We will need to measure the perf of the solution.
There is a chance for the cost to be too much high.


> > > If we also cut down m->pkt_len from 32 to 24 bits,
> > 
> > Who is using packets larger than 64k? Are 16 bits enough?
> 
> I personally consider 64k a reasonable packet size limit. Exotic applications with even larger packets would have to live with this constraint. But let's see if there are any objections. For reference, 64k corresponds to ca. 44 Ethernet (1500 byte) packets.
> 
> (The limit could be 65535 bytes, to avoid translation of the value 0 into 65536 bytes.)
> 
> This modification would go nicely hand in hand with the mbuf pool indirection modification.
> 
> ... after yet another round of ABI stability discussions, depreciation notices, and so on. :-)

After more thoughts, I'm afraid 64k is too small in some cases.
And 24-bit manipulation would probably break performance.
I'm afraid we are stuck with 32-bit length.


> > > we can get the 8 bit mbuf pool index into the first cache line
> > > at no additional cost.
> > 
> > I like the idea.
> > It means we don't need to move the pool pointer now,
> > i.e. it does not have to replace the timestamp field.
> 
> Agreed! Don't move m->pool to the first cache line; it is not used for RX.
> 
> > 
> > > In other words: This would free up another 64 bit field in the mbuf
> > structure!
> > 
> > That would be great!
> > 
> > 
> > > And even though the m->next pointer for scattered packets resides
> > > in the second cache line, the libraries and application knows
> > > that m->next is NULL when m->nb_segs is 1.
> > > This proves that my suggestion would make touching
> > > the second cache line unnecessary (in simple cases),
> > > even for re-initializing the mbuf.
> > 
> > So you think the "next" pointer should stay in the second half of mbuf?
> > 
> > I feel you would like to move the Tx offloads in the first half
> > to improve performance of very simple apps.
> 
> "Very simple apps" sounds like a minority of apps. I would rather say "very simple packet handling scenarios", e.g. forwarding of normal size non-segmented packets. I would guess that the vast majority of packets handled by DPDK applications actually match this scenario. So I'm proposing to optimize for what I think is the most common scenario.
> 
> If segmented packets are common, then m->next could be moved to the first cache line. But it will only improve the pure RX steps of the pipeline. When preparing the packet for TX, m->tx_offloads will need to be set, and the second cache line comes into play.

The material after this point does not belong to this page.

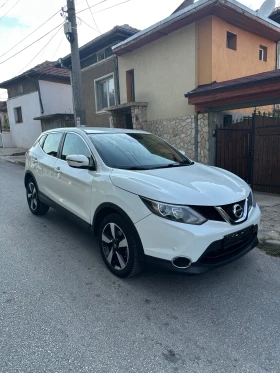 Обява за продажба на Nissan Qashqai 1.5DCI Бяла Перла * * * 131000* * * км ~18 900 лв. - изображение 1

So I'm wondering how big the benefit of having m->next in the first cache line really is - assuming that m->nb_segs will be checked before accessing m->next.
> 
> > I am thinking the opposite: we could have some dynamic fields space
> > in the first half to improve performance of complex Rx.
> > Note: we can add a flag hint for field registration in this first half.
> > 
> 
> I have had the same thoughts. However, I would prefer being able to forward ordinary packets without using the second mbuf cache line at all (although only in specific scenarios like my example above).
> 
> Furthermore, the application can abuse the 64 bit m->tx_offload field for private purposes until it is time to prepare the packet for TX and pass it on to the driver. This hack somewhat resembles a dynamic field in the first cache line, and will not be possible if the m->pool or m->next field is moved there.
  
Morten Brørup Nov. 3, 2020, 12:10 p.m. UTC | #13
> From: Thomas Monjalon [mailto:thomas@monjalon.net]
> Sent: Monday, November 2, 2020 4:58 PM
> 
> +Cc techboard
> 
> We need benchmark numbers in order to take a decision.
> Please all, prepare some arguments and numbers so we can discuss
> the mbuf layout in the next techboard meeting.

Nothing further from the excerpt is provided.